◆ Task prompt ◆
Each line from the one containing "KUCHENZAUBER Ungesüsst Backmischung" to the last line of the listing below is to be duplicated exactly, and no picture is to be carried over.

◆ Given data ◆
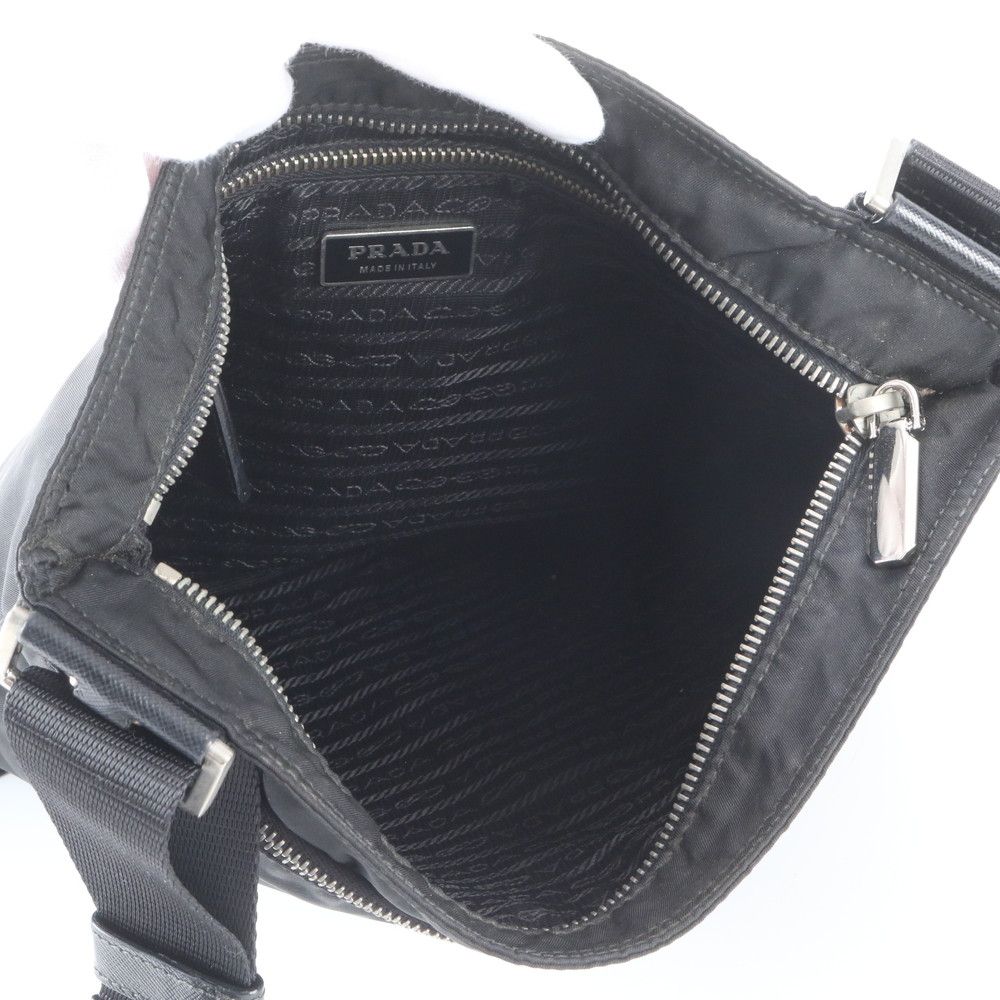Prada Tessuto Nylon Skull Triangle Logo Leather Shoulder Bag Crossbody UG — view 8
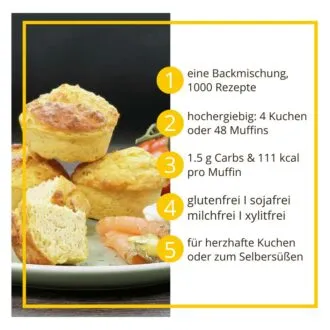 KUCHENZAUBER Ungesüsst Backmischung für süße & herzhafte Kuchen, Muffins, Pfannkuchen und mehr | low-carb | glutenfrei, sojafrei, keto, paleo Kuchenmischung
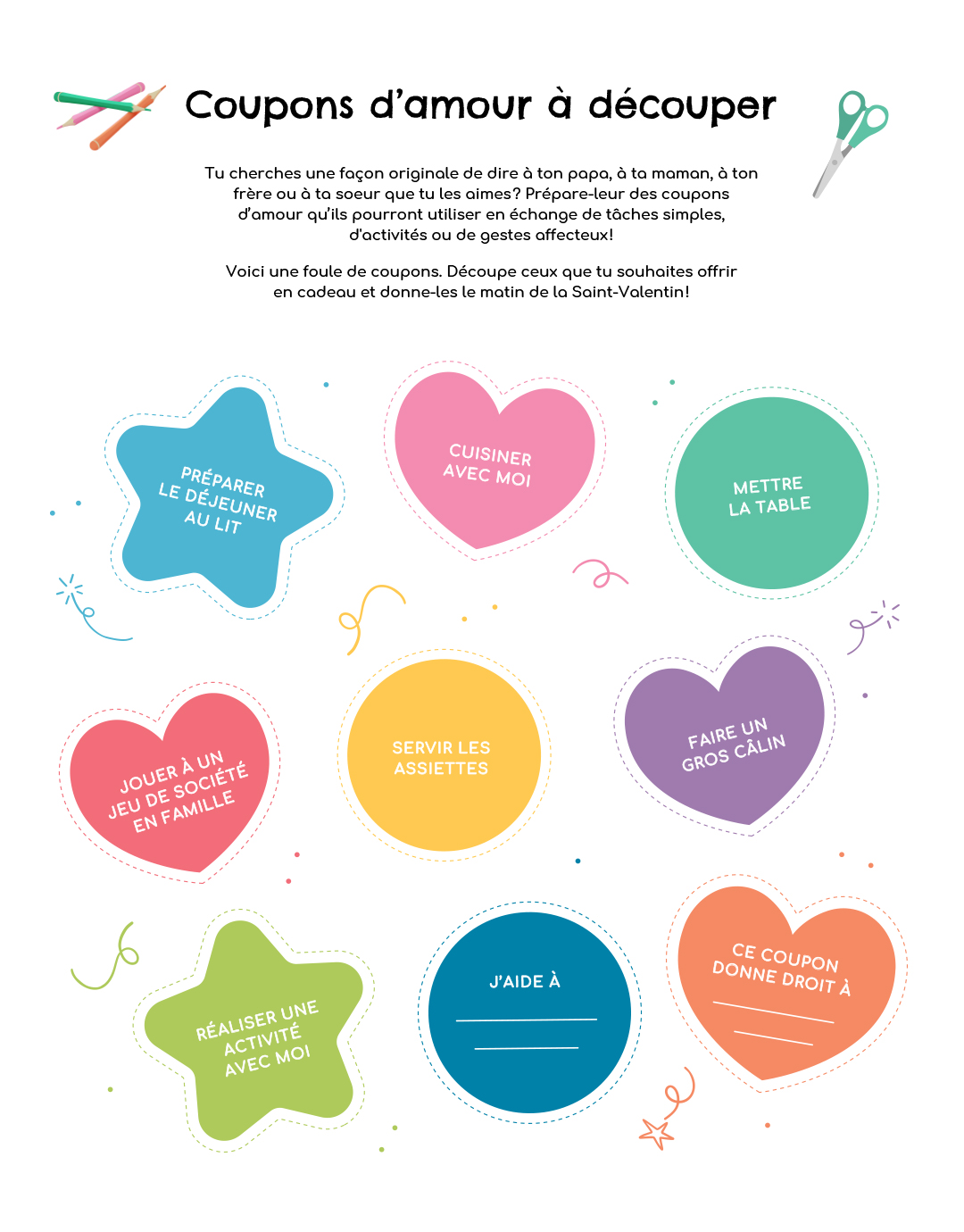 Coupons d’amour à découper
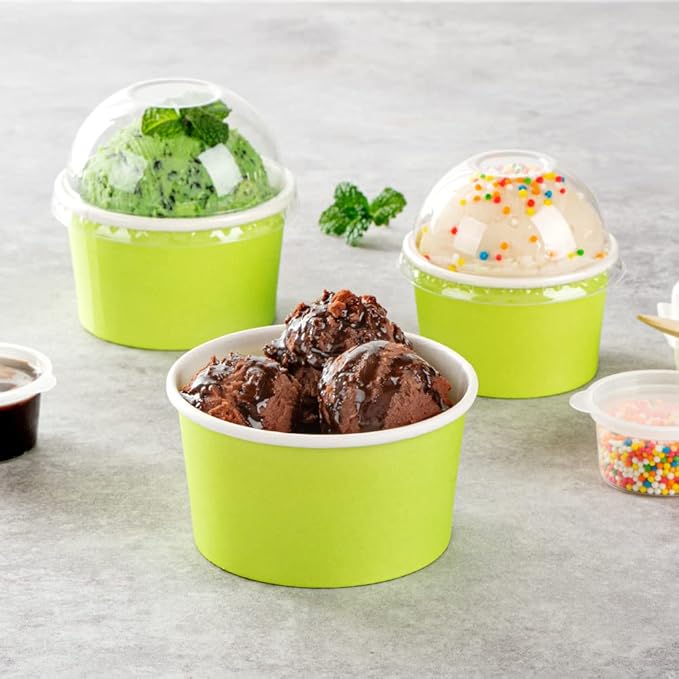 Restaurantware-Coppetta 8-Ounce Dessert Cups, 200 Disposable Ice Cream Cups - Lids Sold Separately, Sturdy, Light Green Paper Frozen Yogurt Bowls, For Hot And Cold Foods, Perfect For Gelato Or Mousse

◆ Solution ◆
 KUCHENZAUBER Ungesüsst Backmischung für süße & herzhafte Kuchen, Muffins, Pfannkuchen und mehr | low-carb | glutenfrei, sojafrei, keto, paleo Kuchenmischung
 Coupons d’amour à découper
 Restaurantware-Coppetta 8-Ounce Dessert Cups, 200 Disposable Ice Cream Cups - Lids Sold Separately, Sturdy, Light Green Paper Frozen Yogurt Bowls, For Hot And Cold Foods, Perfect For Gelato Or Mousse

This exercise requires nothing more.